What the task requires - Starting with the line below that holds "Prosumer's Choice Bamboo" and stopping after the line that holds "Phone Case Rugby", transcribe the lines exactly, leaving out all pictures.

Data for this task -

⁂

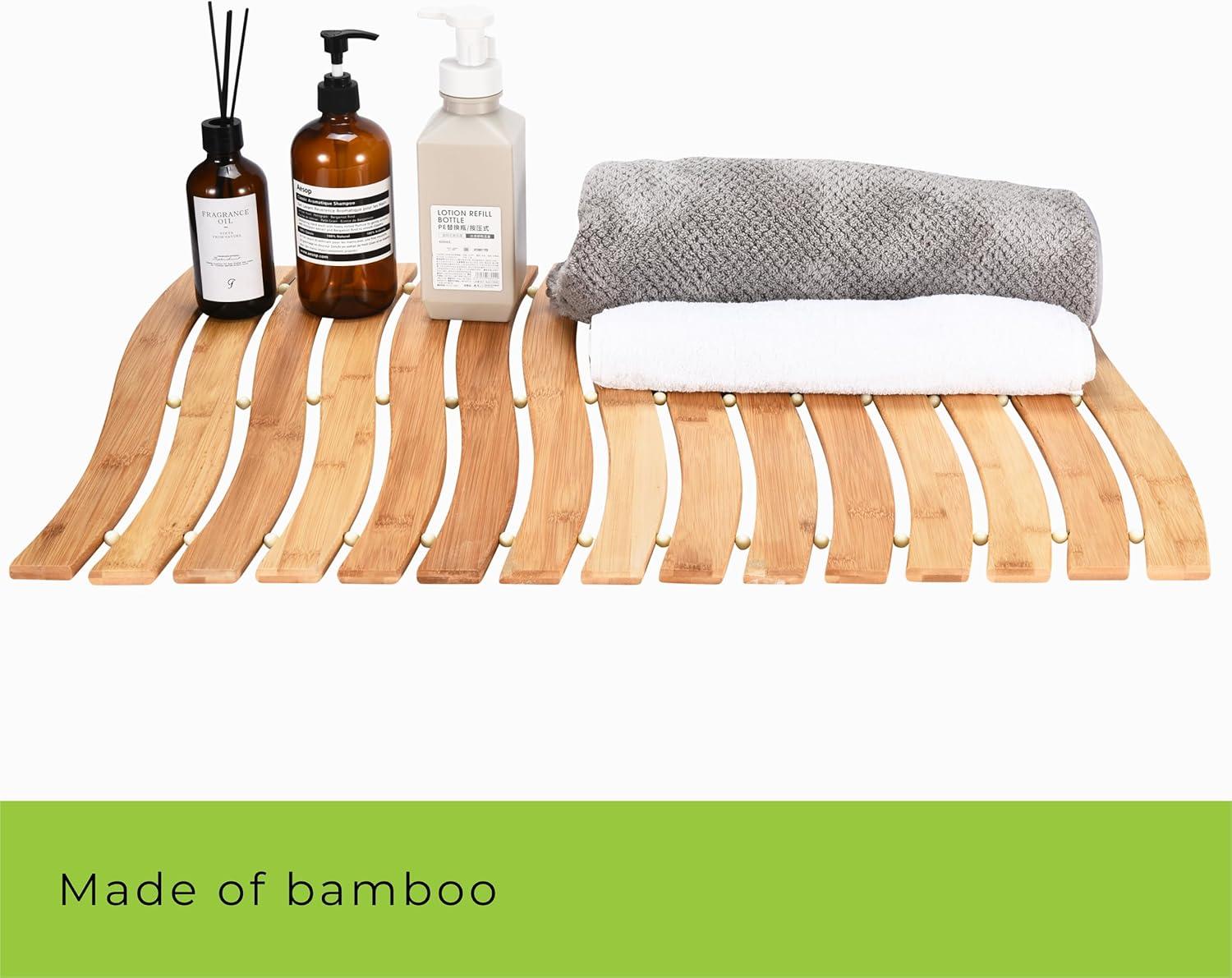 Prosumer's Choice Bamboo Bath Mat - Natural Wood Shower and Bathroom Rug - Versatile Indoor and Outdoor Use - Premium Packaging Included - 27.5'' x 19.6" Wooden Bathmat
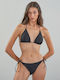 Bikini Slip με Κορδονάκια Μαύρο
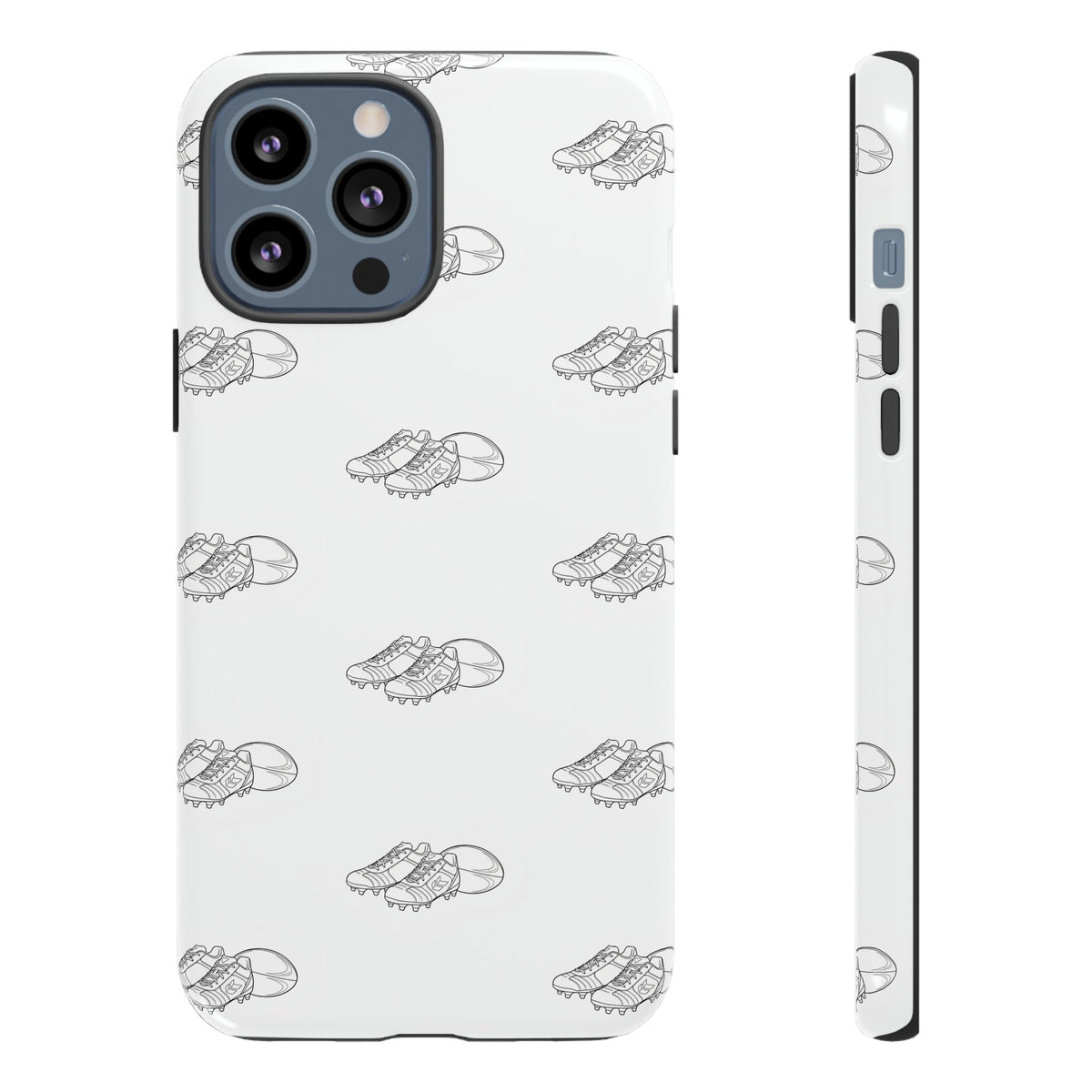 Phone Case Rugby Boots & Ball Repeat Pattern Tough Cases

⁂

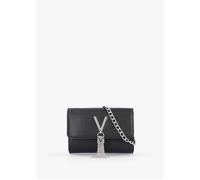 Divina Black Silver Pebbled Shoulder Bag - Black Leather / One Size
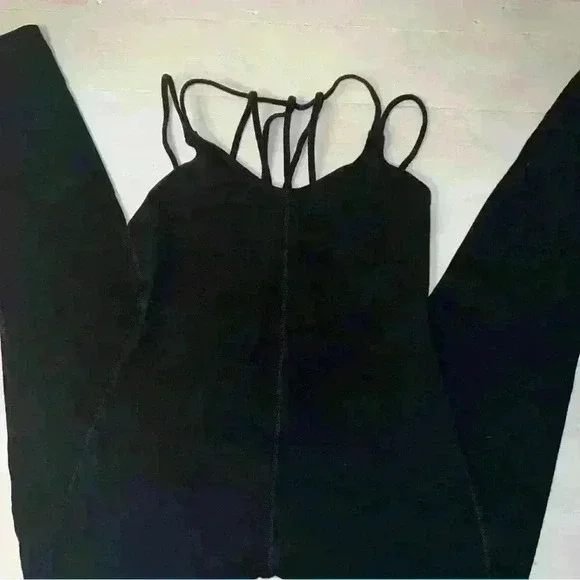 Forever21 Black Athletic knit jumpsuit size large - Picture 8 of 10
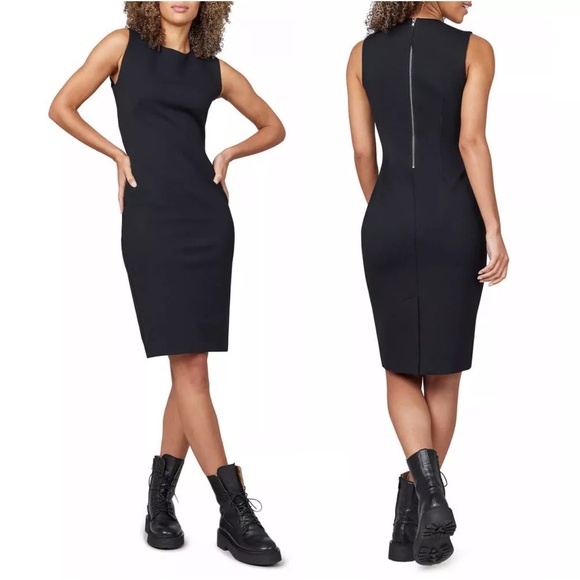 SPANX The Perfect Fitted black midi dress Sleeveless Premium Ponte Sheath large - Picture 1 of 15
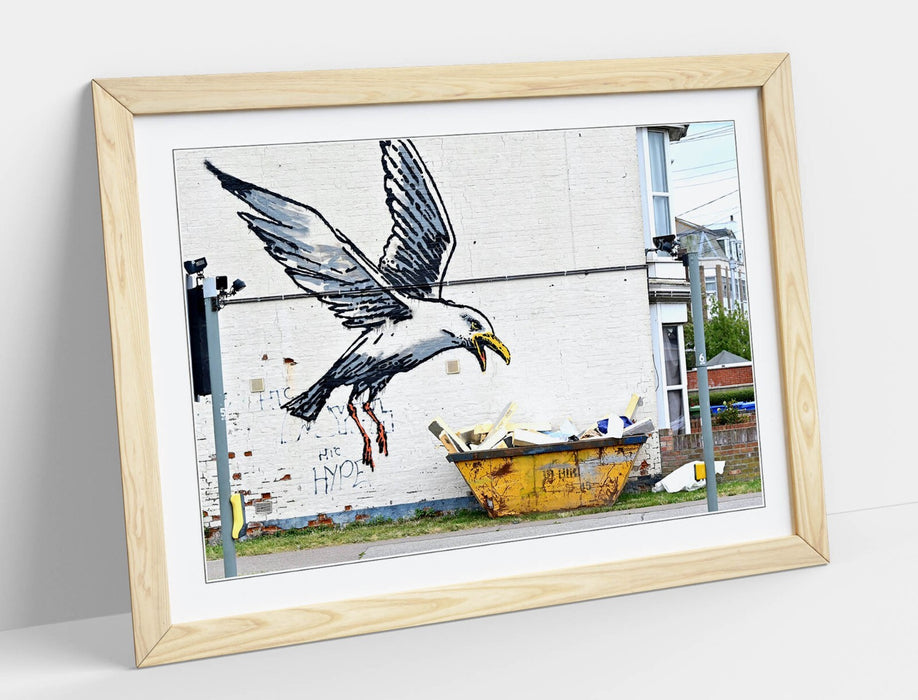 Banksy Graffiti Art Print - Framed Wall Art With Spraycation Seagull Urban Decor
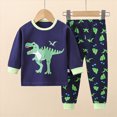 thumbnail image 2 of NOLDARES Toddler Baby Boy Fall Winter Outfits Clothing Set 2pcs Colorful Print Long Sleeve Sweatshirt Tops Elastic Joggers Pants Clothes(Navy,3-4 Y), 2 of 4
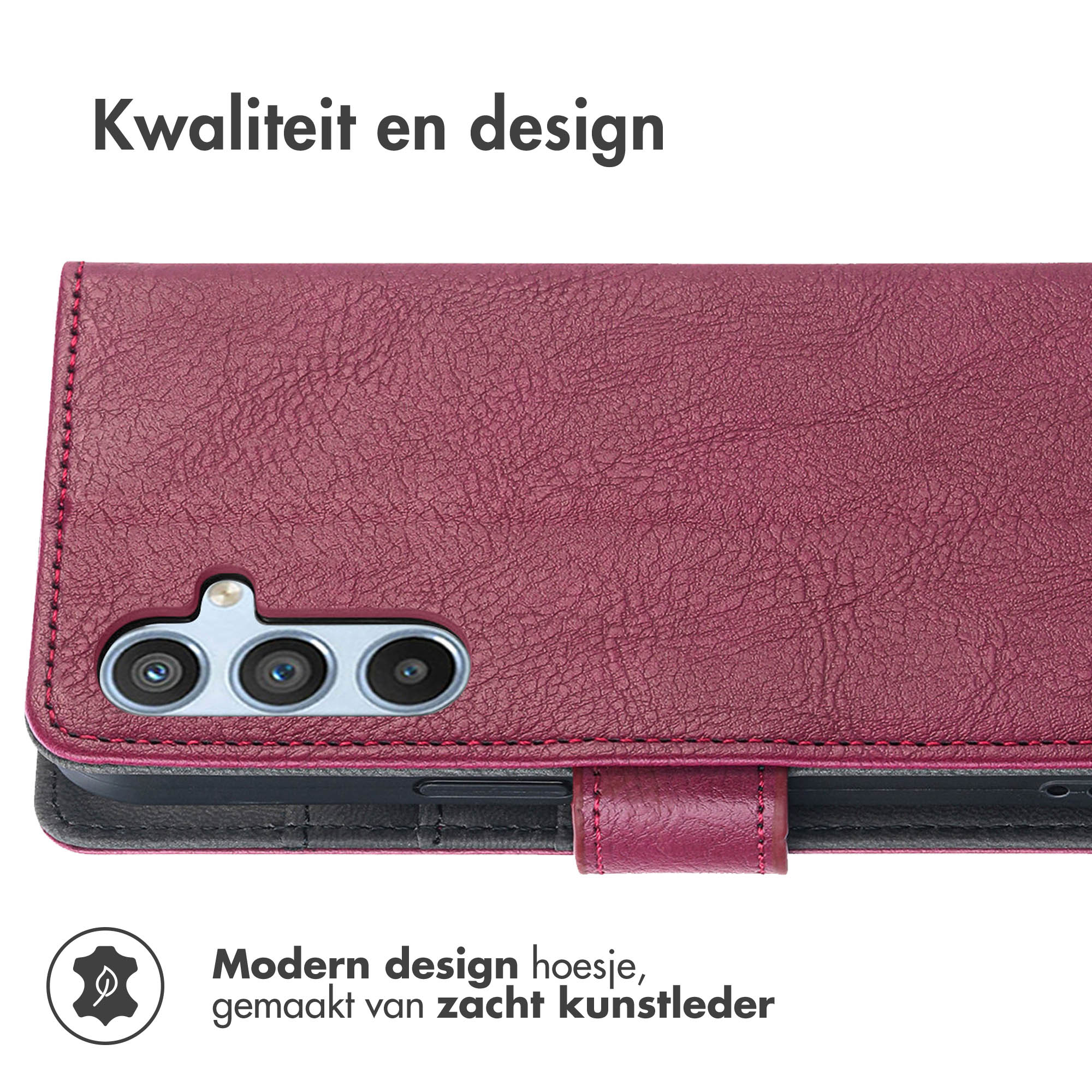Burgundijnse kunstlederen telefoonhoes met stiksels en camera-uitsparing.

⁂

Reply to the exercise -
 Prosumer's Choice Bamboo Bath Mat - Natural Wood Shower and Bathroom Rug - Versatile Indoor and Outdoor Use - Premium Packaging Included - 27.5'' x 19.6" Wooden Bathmat
 Bikini Slip με Κορδονάκια Μαύρο
 Phone Case Rugby Boots & Ball Repeat Pattern Tough Cases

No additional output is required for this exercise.